The Little Prince and a volcanoe

Trina Schart Hyman

  Trina was born on April 8, 1939 in Philadelphia, Pennsylvania to Margaret Doris Bruck and Albert H. Schart. She grew up in a rural area of Pennsylvania learning to read and draw at an early age. She credits her mother for instilling in her the joy of books by reading to her from the time she was an infant. She spent a whole year wearing a red satin cape that her mother had made for her because her favorite story was Little Red Riding Hood. 
  Trina’s father fueled her imagination by telling her magical tales about the origins of the universe. He also brought her to the Philadelphia Art Museum on days when they had to drive into the city to visit the orthodontist. About this time, her younger sister Karleen was born. When Karleen was old enough, they shared elaborate fairy adventures together, mostly concocted by Trina to amuse little Karleen.
  Although she skipped first grade, Trina never felt like she was a good student, preferring to doodle rather than do the assigned work. It wasn’t until she enrolled at the Philadelphia Museum College of Art in 1956 that she blossomed. 
  In 1959, she married mathematician and engineer, Harris Hyman, and they moved to Boston where he had gotten a job. She continued studying at the Boston Museum School of Fine Arts. After graduation in 1960, Trina and her husband moved to Stockholm, Sweden where he attended the university and worked for IBM part time. During the two years that they lived there, Trina studied at the Konstfackskolan (Swedish State Art School), and illustrated her first children’s book called Toffe och den lilla bilen (Toffe and the Little Car). 
  The manuscript of Trina’s first children’s book was written in Swedish, which she had to translate before drawing the illustrations.
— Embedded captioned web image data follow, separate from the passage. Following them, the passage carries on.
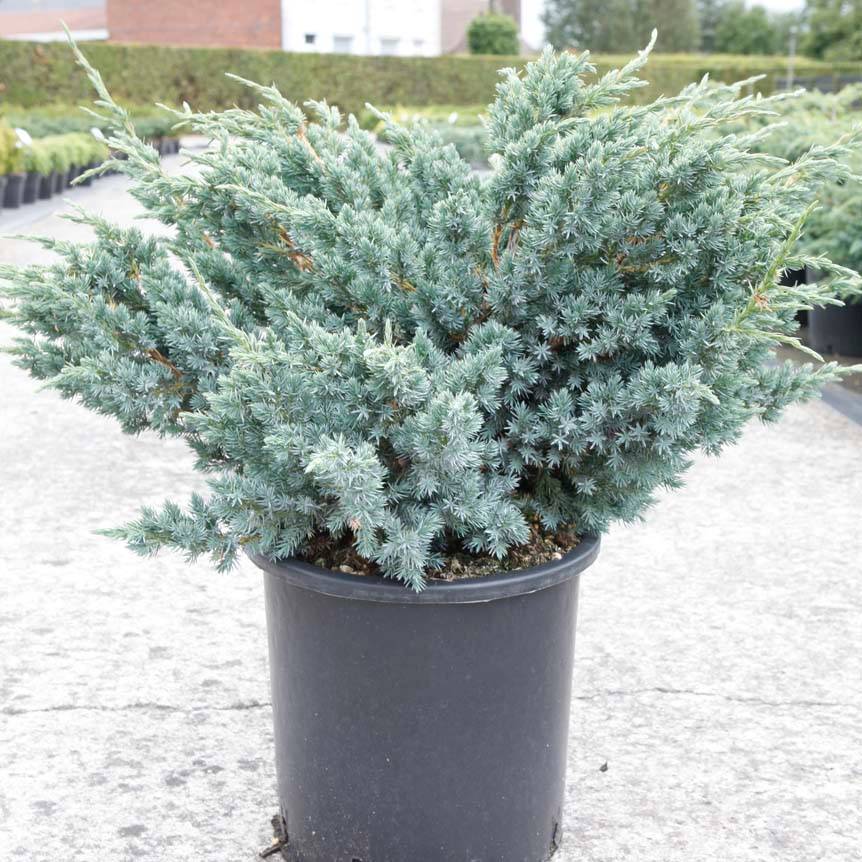 Promesse de Fleurs - Genévrier écailleux - Juniperus squamata Meyeri Pot de 3L/4L - Image 1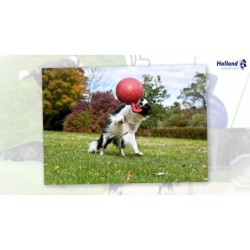 Jeu de tir à la corde Jolly Tug-n-Toss Myrtille M (15 cm)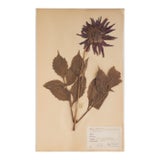 Vintage Swedish Herbarium - Dahlia, Circa 1940 For Sale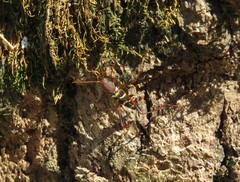 Neoclytus acuminatus acuminatus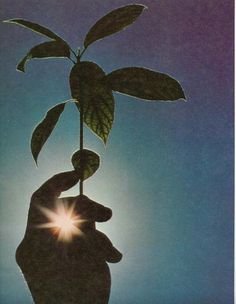 625554d795bba083003437fad3e1293c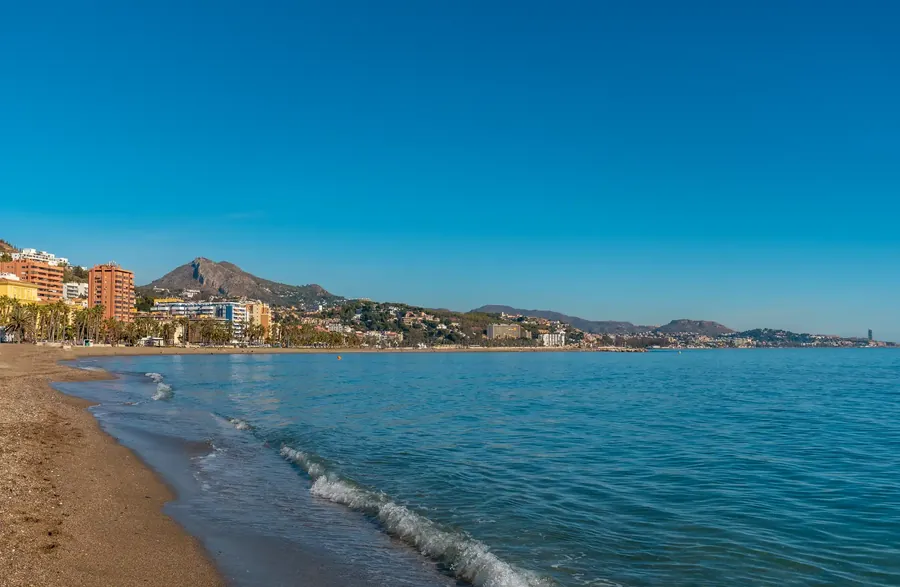 La playa de la Malagueta en Málaga con una hilera de palmeras altas y la ciudad detrás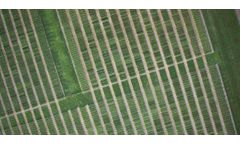 Navigating Challenges In Row Crop Breeding: How Eiwa Streamlines Data Management Efforts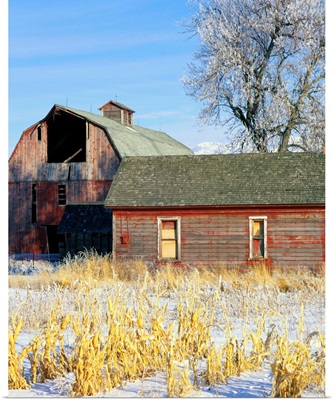 Barn In Winter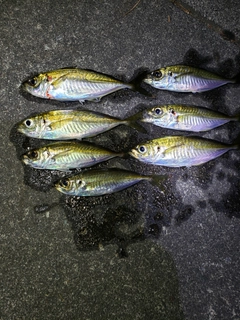 アジの釣果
Upon returning to Boston, Trina met Helen Jones, the children’s book editor of Little, Brown Publishing. Jones was instrumental in helping and guiding Trina’s career.
  The Hyman’s had a baby girl, Katrin, in 1963, who Trina describes as being the most “stubborn, aggressive, opinionated baby” that she has ever seen. After a brief move to New York in 1965, they divorced in 1968, and Trina and Katrin moved to Lyme, New Hampshire with friends. 
  Trina would work late into the night while everyone slept, and her friend Nancie would get up early to get the children off to school. Soon, they bought an old farmhouse in Lyme, where Trina still lives today.
Distrustful of technology, Trina proudly admits to not owning a “mind-destroying, soul-sucking” television, or any other convenience remotely technological. Making a solemn vow at the time of her daughter’s birth, she chose instead to fill their home with hundreds of good books and took the time to read them. She credits this practice with teaching her daughter to read at the age of four.
 By 1971, she was approached by the editors of a new children’s magazine called Cricket, and became their art director until 1979. She hired quality illustrators and was instrumental in forming the early style of the magazine, which, no doubt, contributed to its reputation as one of the finest children’s magazine on the market today.
 Trina received the Caldecott Honor Medal in 1984 for Little Red Riding Hood, which is still one of her favorite stories. The following year, she received the Caldecott Medal for Saint George and the Dragon, written by Margaret Hodges, and in 1990, again she received an Honor Medal for Eric Kimmel’s Hershel and the Hanukkah Goblins. Her latest book, A Child's Calendar by John Updike, was just voted a Caldecott Honor Book for 2000.
 It was not until her daughter’s marriage to a man from Cameroon, that Trina realized that all of her heroes and heroines were white. She began to see a need for multicultural children’s books. For The Fortune Tellers, she was able to convince writer and friend Lloyd Alexander to change the setting to Cameroon by changing only a few words in his manuscript. She had been to visit Katrin twice while she lived in Cameroon and had fallen for the beautiful countryside and its people.
  Trina's days are shorter now with fewer book contracts by choice. Rheumatoid arthritis has cut her production down to only one book a year.